His style has been described in many ways, and each of the descriptions seems to fit: Magic Realist, Naturalist, Impressionist because his work is detailed, concentrating on showing more than it can tell in a single glance. Indeed, there’s the touch of the metaphysical in each piece that takes an everyday setting and turns it into something more, and in the end, that’s what Magic Realism (sometimes called Metaphysical Realism) is all about. “They all involve a kind of joining of what you might say are plain things which seem to have something else in them,” he says. “What that something else is, is sometimes known as metaphysical realism.”
He could have sculpted; did, in fact for a brief period, but it didn’t provide the sense of fulfillment that comes for him when he explores atmosphere and what tensions can be created by light and color. “In painting, you see what I call relationships,” he says.

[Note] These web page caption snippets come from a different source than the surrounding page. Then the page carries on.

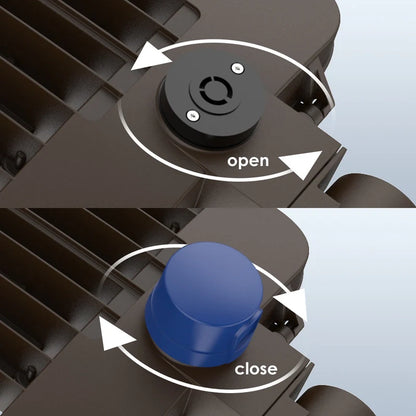 LED Area Light, 300W/240W/200W, 3000K/4000K/5000K, 45000 Lumens, 277-480 VAC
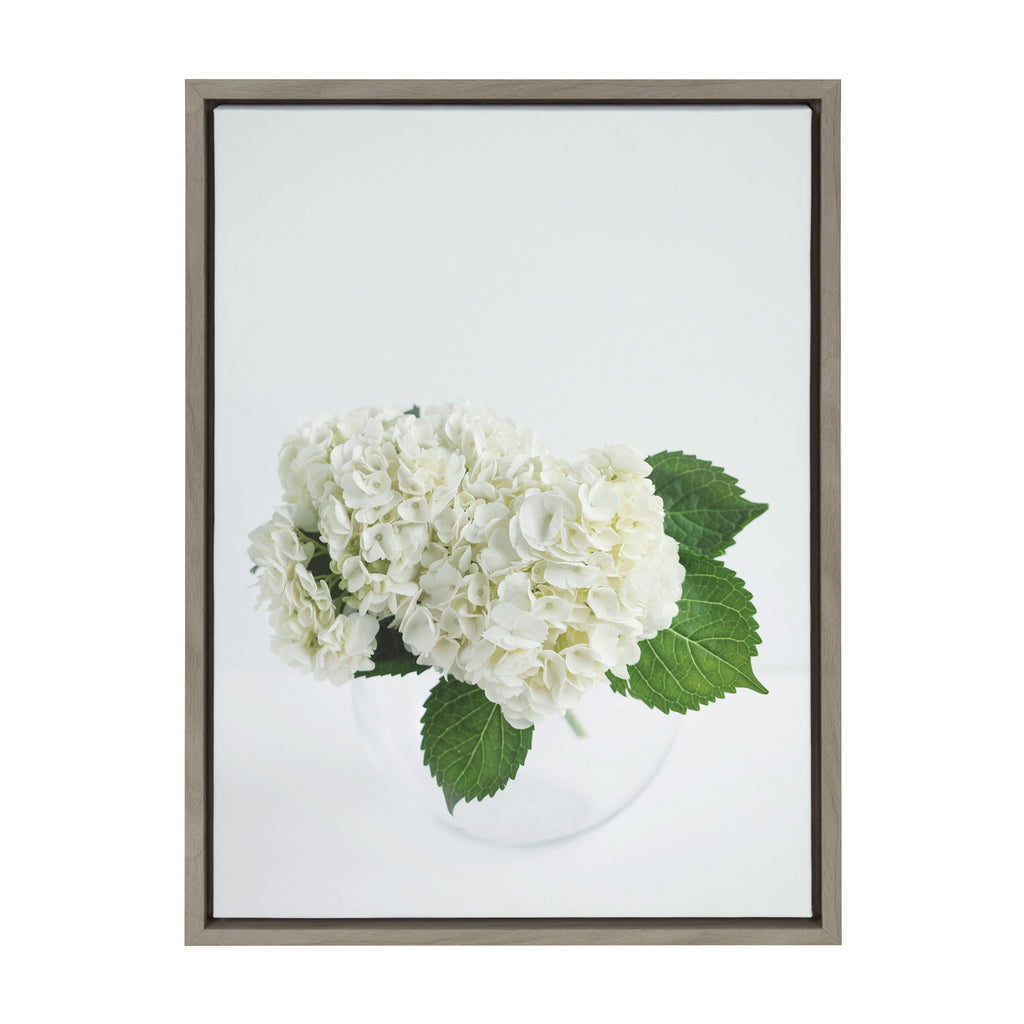 Sylvie Hydrangea Cluster Framed Canvas by Emiko and Mark Franzen of F2Images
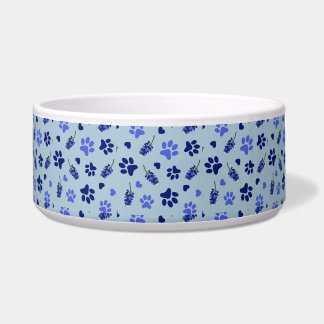 Bluebonnet Dog Bowl - Texas Pet Bowl met Pootjes Voerbakje
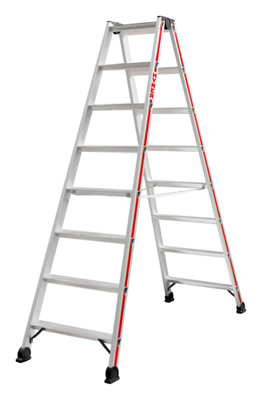 Hymer 4024 Double Sided Step Ladder - 2 x 8 Tread (3.34m)
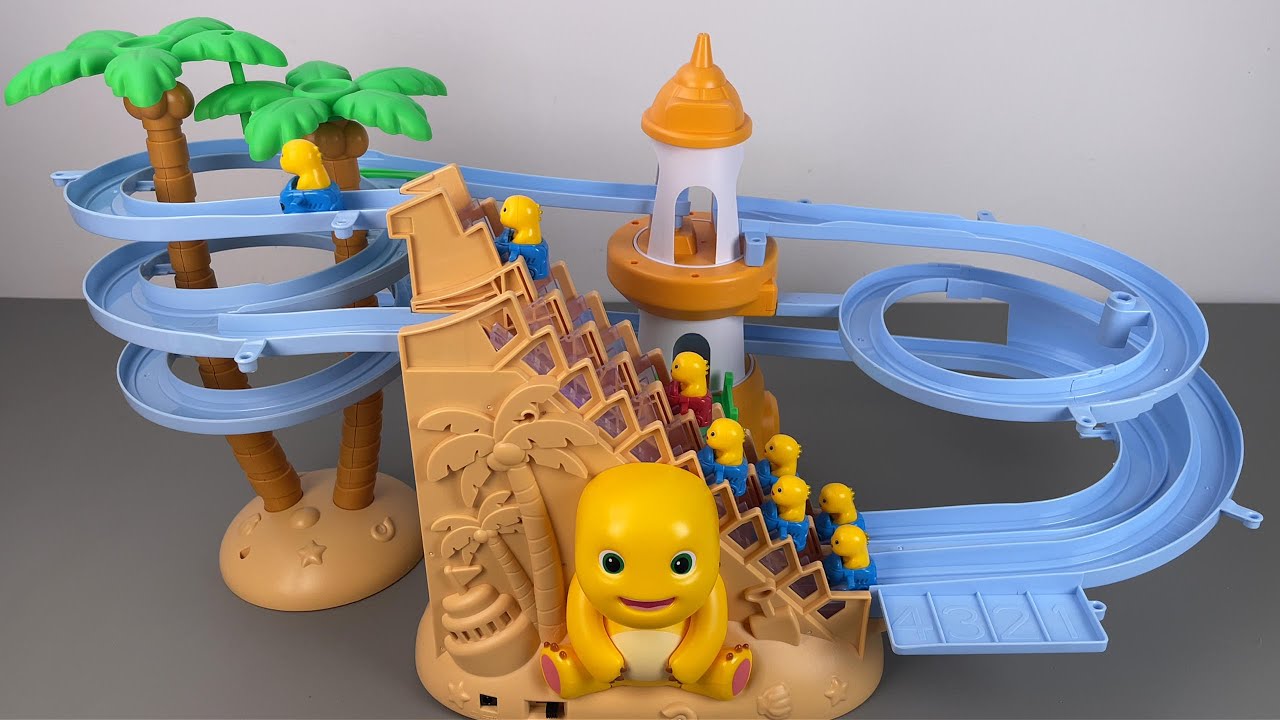 12-Minute ASMR Toy Unboxing: Milk Dragon Dual Track Climbing and Multi-Layer Slide Set | Toy Review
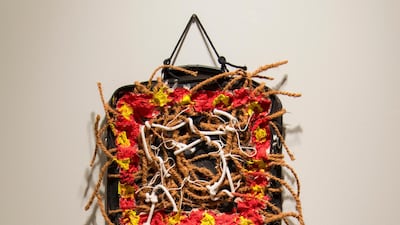 Sharjah Art Foundation's major retrospective on Hassan Sharif titled I Am the Single Work Artist. Held from 2017-2018, the exhibition charted the Emirati artist's career from 1973 to 2016, and displayed 400 of his 3,500 works. Courtesy Sharjah Art Foundation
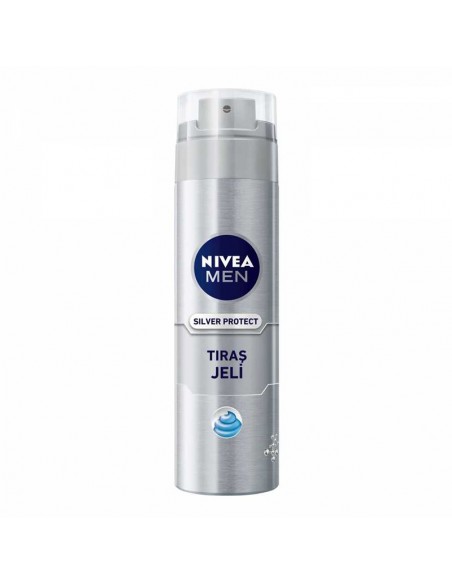 Nivea For Men Silver Protect Traş Jeli 200 ml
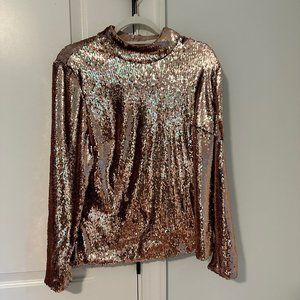 Ted Baker Sequin top, size 5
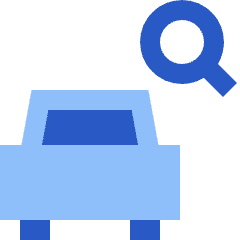 Search Car Icon from Sharp Flat Set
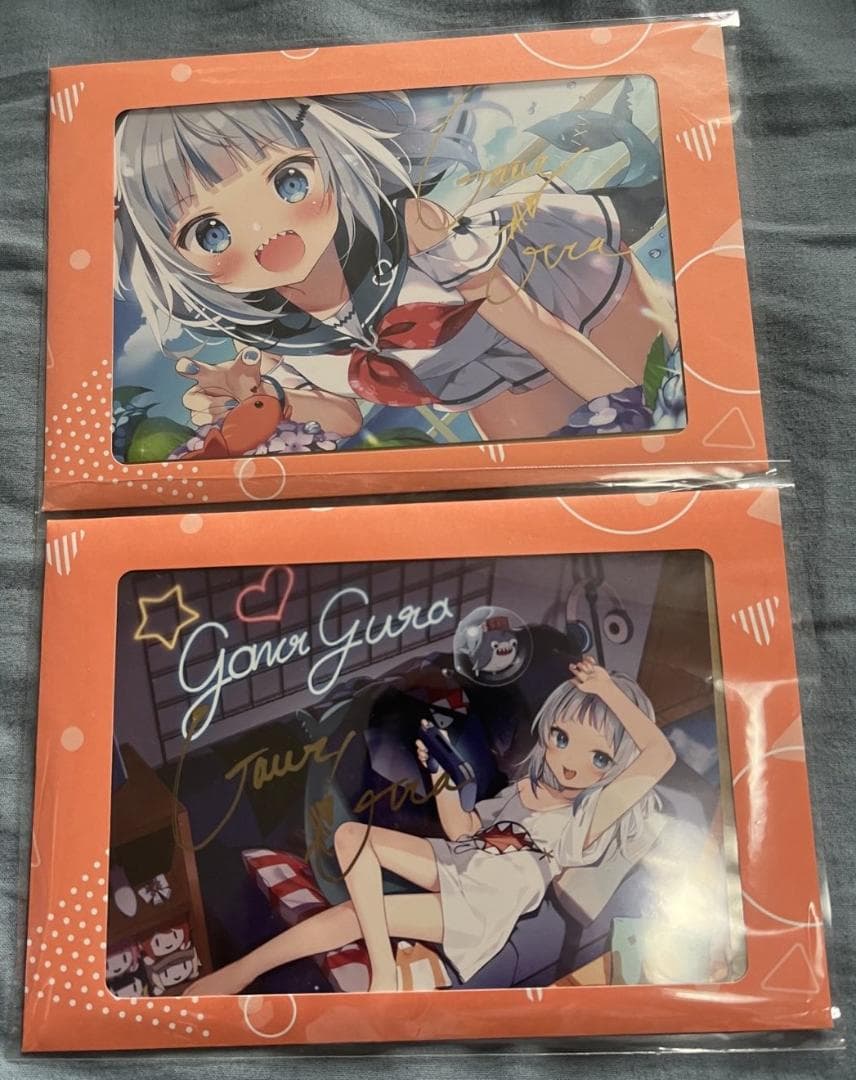 がうる・ぐら 誕生日記念2022+2023直筆サイン入りポストカード 2枚セット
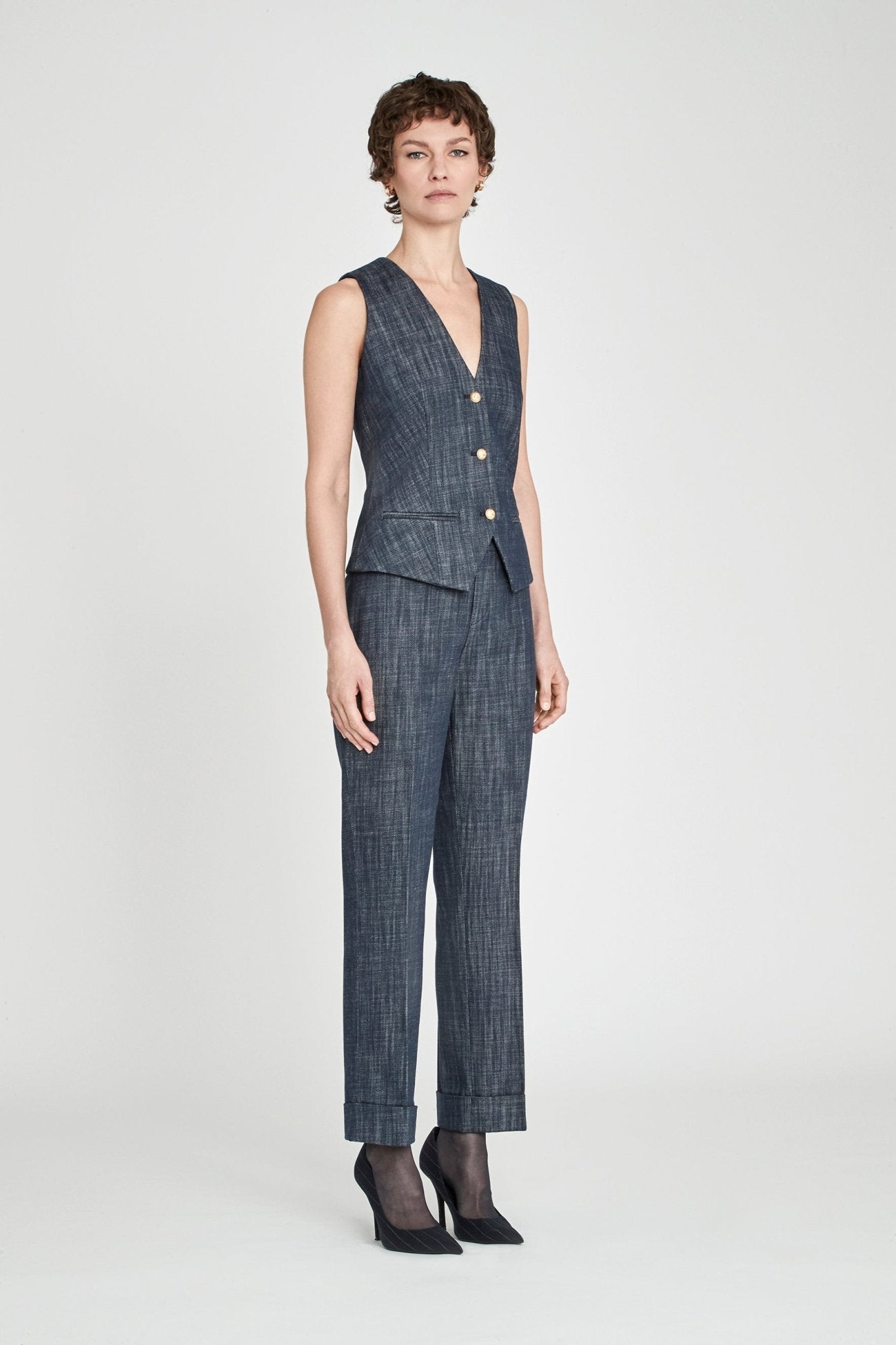 TRAJE 3 PIEZAS DENIM MILÁN - THE EXTREME COLLECTION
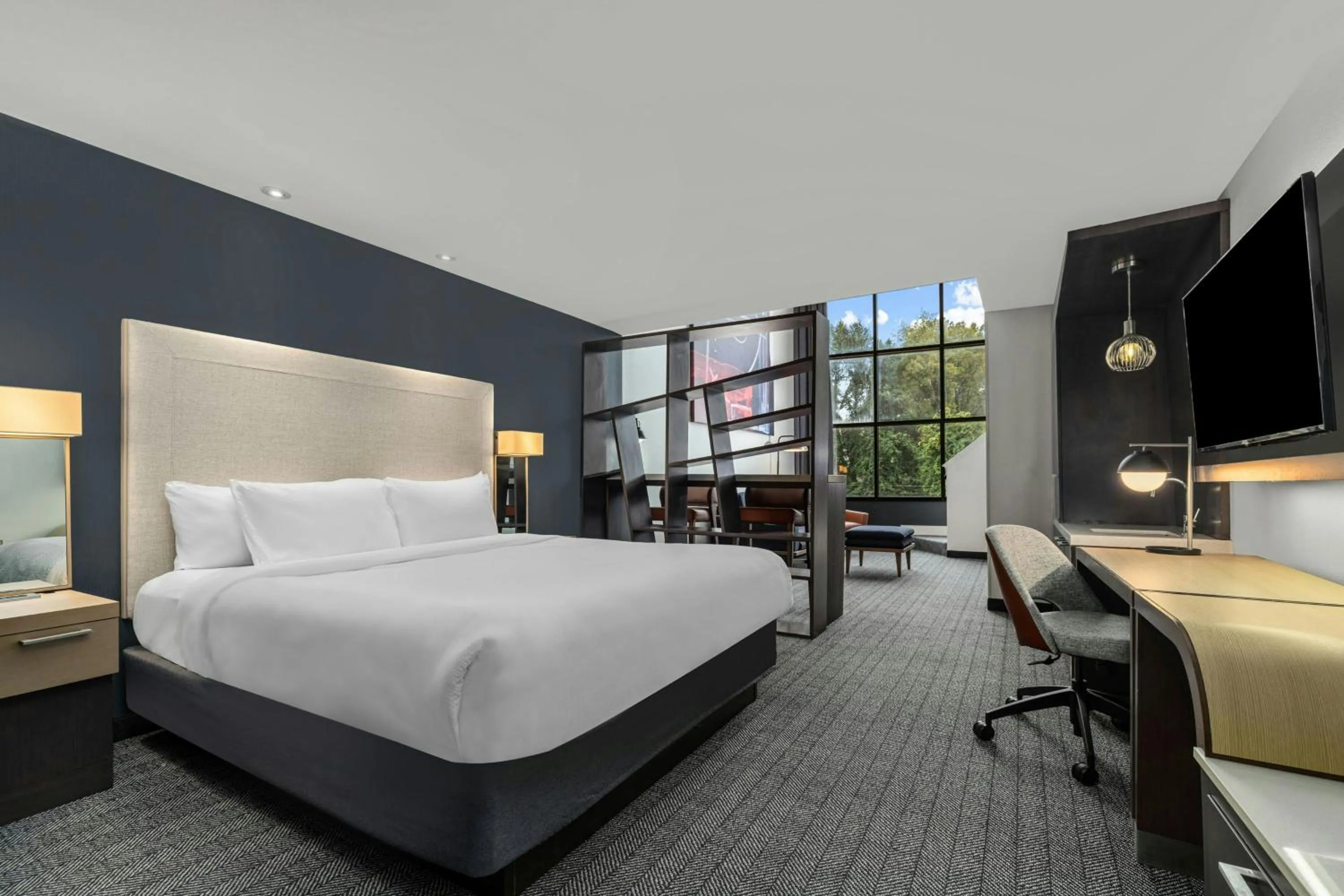 Bedroom, Bed in Courtyard by Marriott Oxford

It’s these relationships between living beings and the places they find themselves in, the story of what brought them there, and how it makes a difference to that moment, that appeals to him. And it’s just these qualities that viewers of Colville’s paintings appreciate: there’s always something more, just beneath the surface. Something extraordinary in the ordinary.
Which may be the appeal to Colville of the Valley. He could live anywhere; in fact, before he moved to Wolfville in 1971, he was offered and accepted an opportunity to work as a visiting artist in Berlin. Paradoxically, he was once offered an opportunity to apply for a Guggenheim fellowship but declined the invitation because it would have meant moving away from his studio. “My wife is very attached to this area…and because I’m an artist, I can live wherever I want. She likes to be here; I like a small, college town…I like this type of ordinary place.”
It’s easy to see the correlation between the simple things Colville likes to imbue with a touch of the mysterious and the fact that he lives in an ordinary hamlet that itself has a tinge of the astonishing. If he sees himself as plain, his work, his history, and the effect they’ve had on the artworld paint a different picture.
“I lead a pretty unspectacular life,” he says, and his voice is as hushed as the atmosphere. “I get up at 6 a.m., go bike riding, then have my breakfast. After that I go to work till noon.”
By late afternoon, the leaves have rustled a bit, readying themselves for their dance on the wind, the berries still droop over the driveway. The rain has yet to come, and Colville gets back to doing the little things he does everyday that make him the spectacular man the world knows him to be.